QUESTION: Yeah. So I’m sure you’ve seen – I’m sure you had an advance notice of, you may have even recommended, that the Tunisians remove or recall their ambassador to Syria. I presume that this is part of the growing chorus that you and the Secretary have been talking about. So my question is: When is this chorus become the full-on Tabernacle Choir that allows you to go ahead and start taking additional steps, including calling for Asad to step down?
MS. NULAND: In addition to the message that the Tunisians sent, you may have seen that in the context of opening remarks or closing remarks at the Somali Donors Conference in Ankara, Turkish Prime Minister Erdogan also had sharp words for Syria. This speaks to the point the Secretary made a couple of days ago about the President’s effort, her effort, to put together a careful set of actions and statements that will make our views clear and to coordinate those with others. That process continues.
As you know, her view, the President’s view, is that political steps, economic steps are strongest when they are together. Words and sanctions should go together, and ideally, they should go in concert with others. Those conversations continue --
MS. NULAND: -- and that work continues.
QUESTION: You’re quite – you’re just – you’ve walked up to the drinking pond, will you now take a sip?
MS. NULAND: Do I look like a sipper to you, Matt?

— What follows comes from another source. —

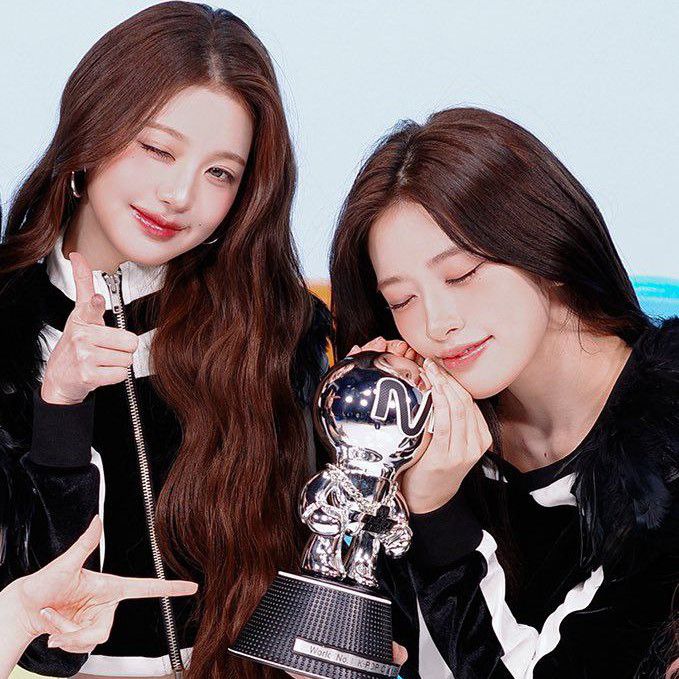 Behind-the-scenes cut of IVE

QUESTION: No. Nor a horse either, I’m just trying -- (Laughter.)
MS. NULAND: Thank you very much. Thank you very much. Thank you very much.
QUESTION: But I got you up to – we got you up to the edge of the water. Are you ready to take a drink?
MS. NULAND: I’m glad that you see that I’m not a horse today. (Laughter.)
QUESTION: I have – go ahead. I have another on Syria.
QUESTION: Following on that, just as a point. In Prime Minister Erdogan’s comments, he also drew a direct parallel between the situation in Syria and the situation in Libya. He said essentially, “Now we are in the same position with Syria that we were with Libya before.” Given that you have repeatedly stressed that the U.S. and Turkey are on the same page with regards to next steps with Syria, is that an assessment you agree with that this is now a similar or the same situation in Syria that we were facing before with Libya? And if so, what does that tell you about what happens next?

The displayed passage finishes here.